EXERCISE REQUIREMENTS —
Each entry below should be given again exactly; the pictures stay out.

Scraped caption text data
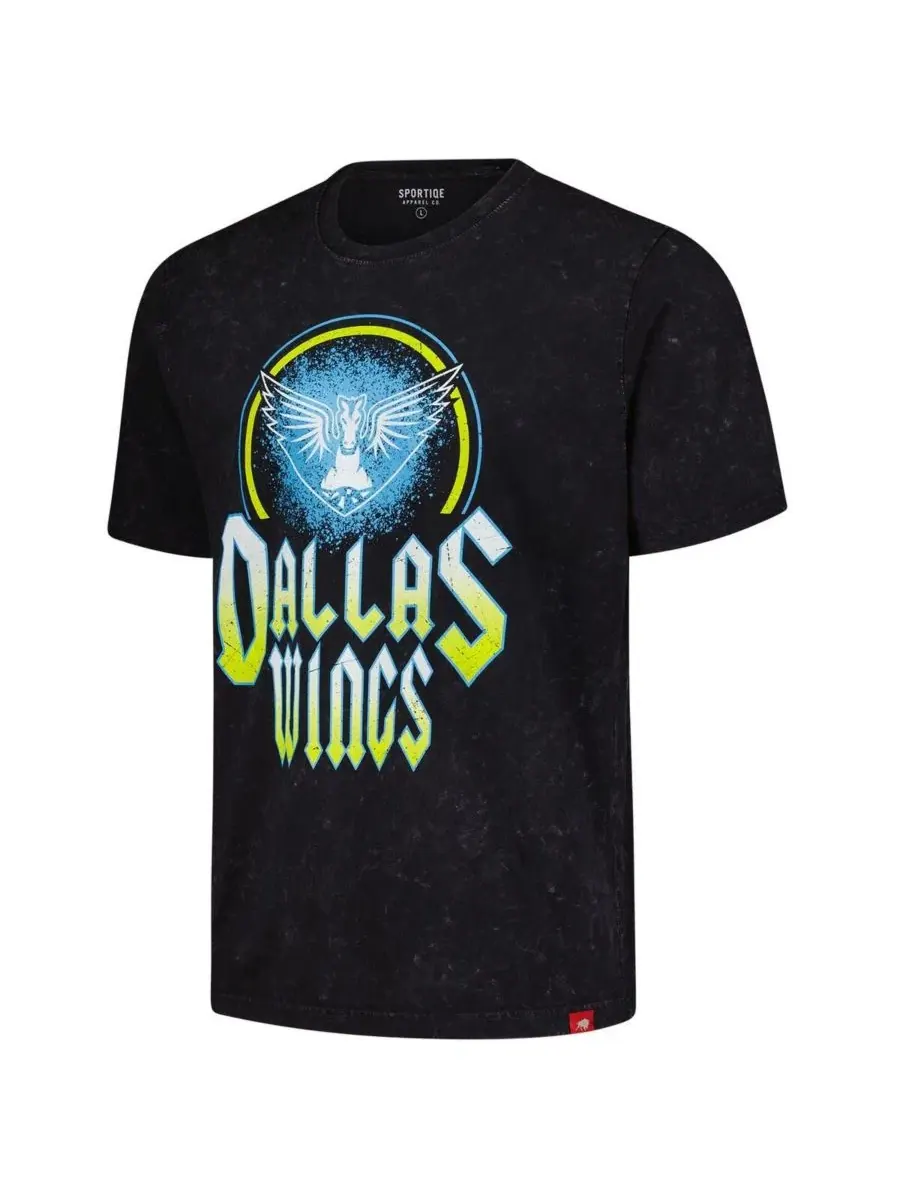 Футболка с принтом Rock Roll Collection Angus Mineral Wash, Dallas Wings Sportiqe — изображение 2 из 4, черный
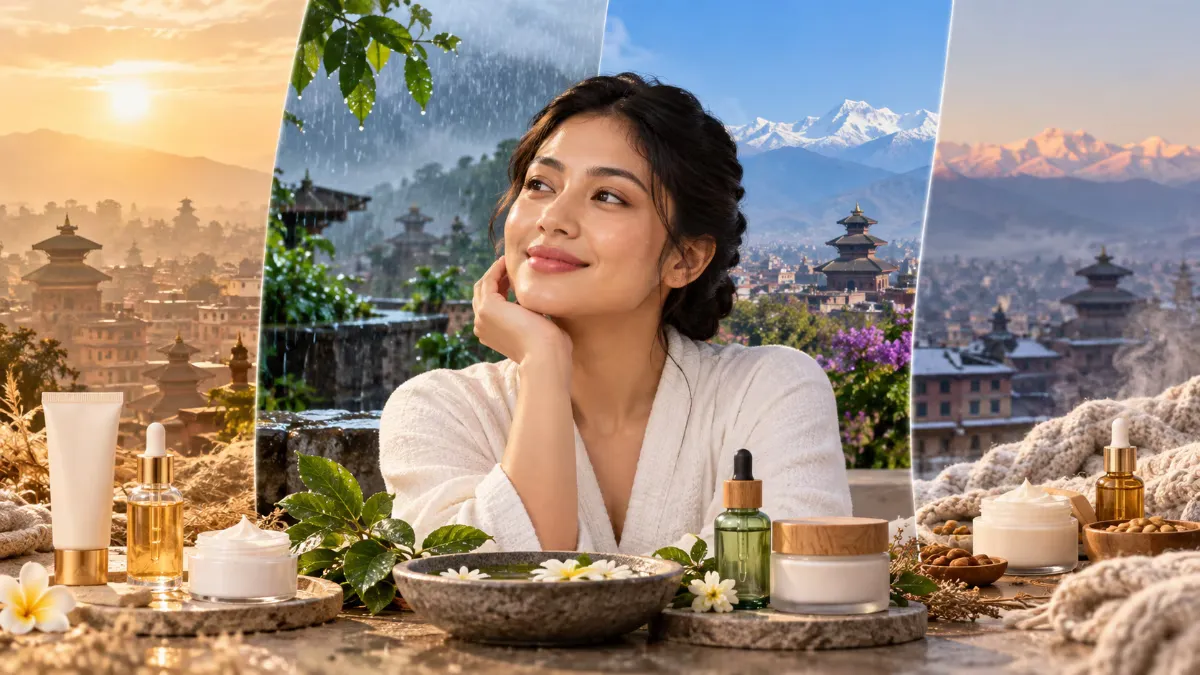 Skincare routine adapted to Kathmandu's four seasons: spring UV spikes, monsoon humidity, autumn clarity, and winter smoke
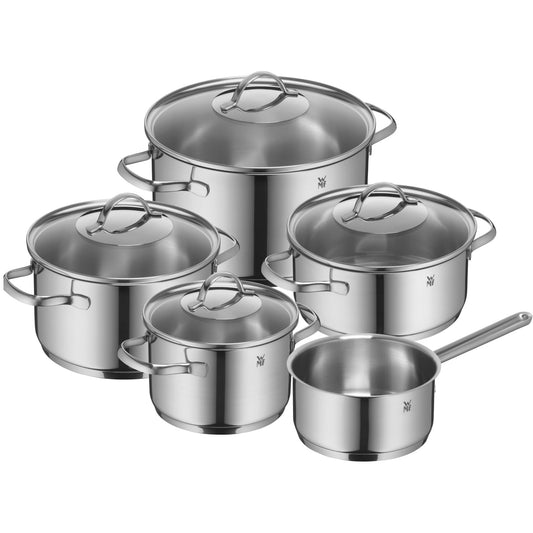 WMF Provence Plus 5-piece Induction Cookware Set, uncoated with glass lids, suitable for all types of stoves, induction pots set, without scaling, polished Cromargan stainless steel.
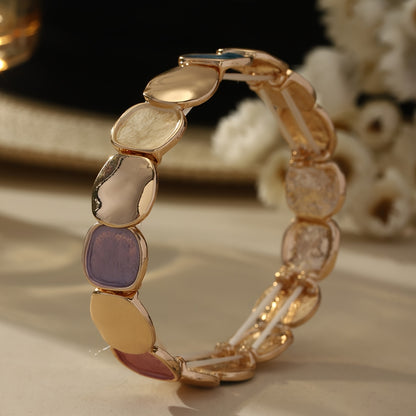 Pulseira Unissex Vintage Elegante Liga Zinco Dourada Elástica Quadrado Irregular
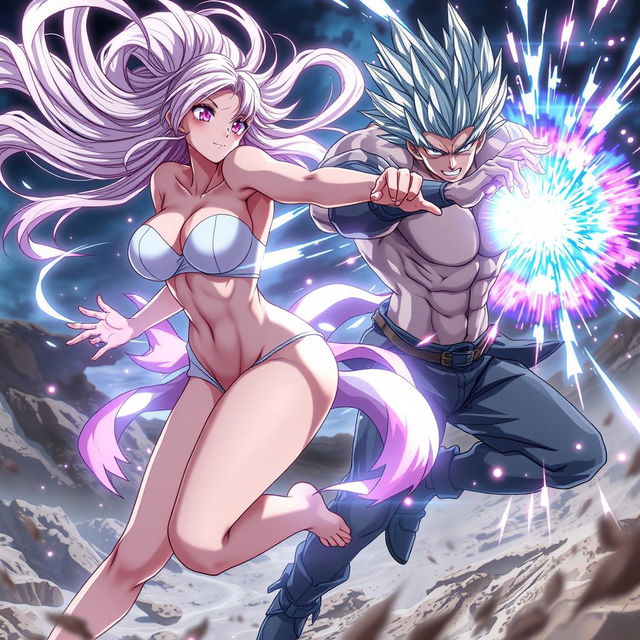 An action-packed anime scene featuring a sexy young lady with an alluring figure, including big boobs, flowing silvery-pink hair, and glowing eyes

TASK RESPONSE —
 Футболка с принтом Rock Roll Collection Angus Mineral Wash, Dallas Wings Sportiqe — изображение 2 из 4, черный
 Skincare routine adapted to Kathmandu's four seasons: spring UV spikes, monsoon humidity, autumn clarity, and winter smoke
 WMF Provence Plus 5-piece Induction Cookware Set, uncoated with glass lids, suitable for all types of stoves, induction pots set, without scaling, polished Cromargan stainless steel.
 Pulseira Unissex Vintage Elegante Liga Zinco Dourada Elástica Quadrado Irregular
 An action-packed anime scene featuring a sexy young lady with an alluring figure, including big boobs, flowing silvery-pink hair, and glowing eyes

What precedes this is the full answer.